The Rugby and Warwick Society started its merged life in 1967; in 1969 it decided to invest in branches in six nearby towns. In the event it succeeded in Kidderminster in 1971, Redditch in 1972, and Birmingham in 1973. Its biggest move was the acquisition of the Oxford Provident Building Society in 1974. The Oxford was another society with an unusual provenance. It had been formed in 1860 as the Oxford and Industrial Provident Land and Building Society and registered under the Industrial and Provident Societies Act 1871. The Industrial Act severely limited the size of deposit that could be made and the society remained small until it dissolved and re-registered in 1963 under the Building Societies Act 1962. Its assets were a mere £337,000 on registration. These grew to over £2m by time of its acquisition by the Rugby and Warwick in March 1974. This took assets from £17m at the time of the Rugby and Warwick merge to £38m. Six months after the acquisition of the Oxford, the enlarged Rugby and Warwick merged with the Walsall Building Society. Although the engagements were transferred to the Walsall, the merger was one of equals with joint managing directors.

===Walsall===

Walsall Mutual Benefit Society held its first meeting in 1863 but little is known of its early history other than it was very small and stayed that way for a century.

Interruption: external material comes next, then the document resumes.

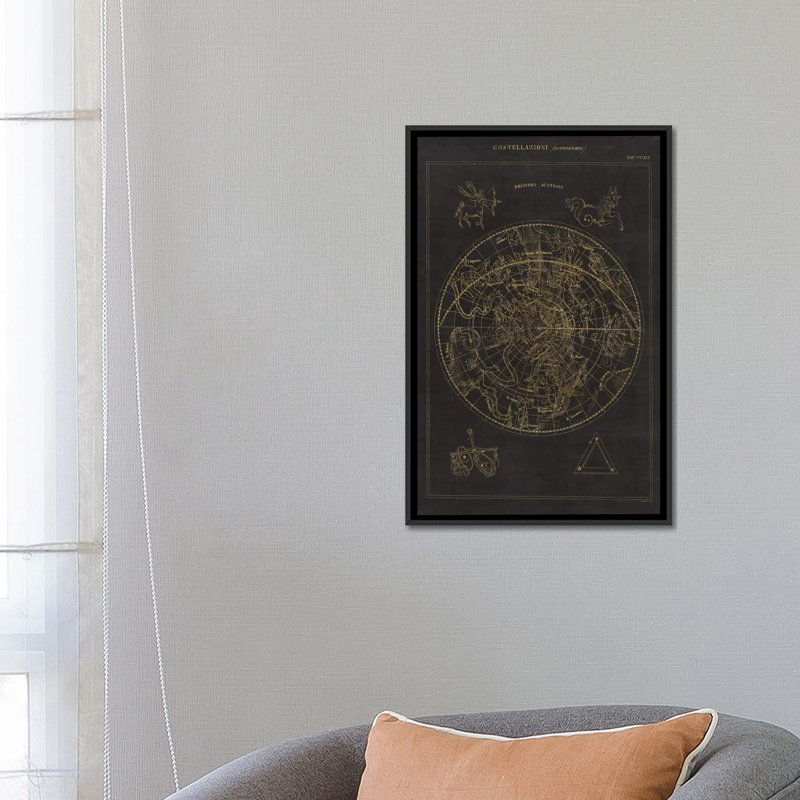 Costellazioni ii, impression sur toile tendue, H 26 po x l 18 po x P 1,5 po, Toile avec cadre noir, Pas de tapis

Its assets were only £65,000 by the onset of WWI, and less than £500,000 by WWII. It was not until 1949 that the Society decided that it needed a full-time Secretary but under John Richardson the next 25 years saw substantial expansion, Assets rose from a little over £500,00 to £2,4m in 1959, at which point the Society decided to develop branches. It was almost ten years before the first branch opened (Brownhills in 1968) by which time assets were over £10m. Four more branches had been opened by 1974 when the Society merged with Rugby and Warwick. Its assets had doubled to £23m in that five-year period.

===Heart of England===

The 1974 amalgamation of the Rugby and Warwick with the Walsall created a Society with assets of £66m and the concept of a merger of equals encouraged the creation of a new name – the Heart of England Building Society. On the merger, Rugby and Warwick brought in 12 branches and Walsall five, plus the two headquarters. Over the next five years a further eleven branches were opened, all in the midlands area. The Coalville Permanent Building Society, founded in 1912, was bought in 1978 followed by the South Birmingham Savings Society in 1981. That was the year when the Martin history finished, and the Society’s assets had increased to £149m. There were two more local acquisitions in 1988, the Kidderminster Equitable and the Rowley Regis but otherwise growth was organic.

In 1993 there was an abortive attempt to sell the Society to the recently formed Bank of Edinburgh. This was followed later that year by the Society’s absorption into the Cheltenham and Gloucester Building Society. By then, the Heart of England had become the 25th largest society with 230,000 savers and a billion pounds of assets. However, it was dwarfed by the Cheltenham which was sixteen times its size and with four times as many branches.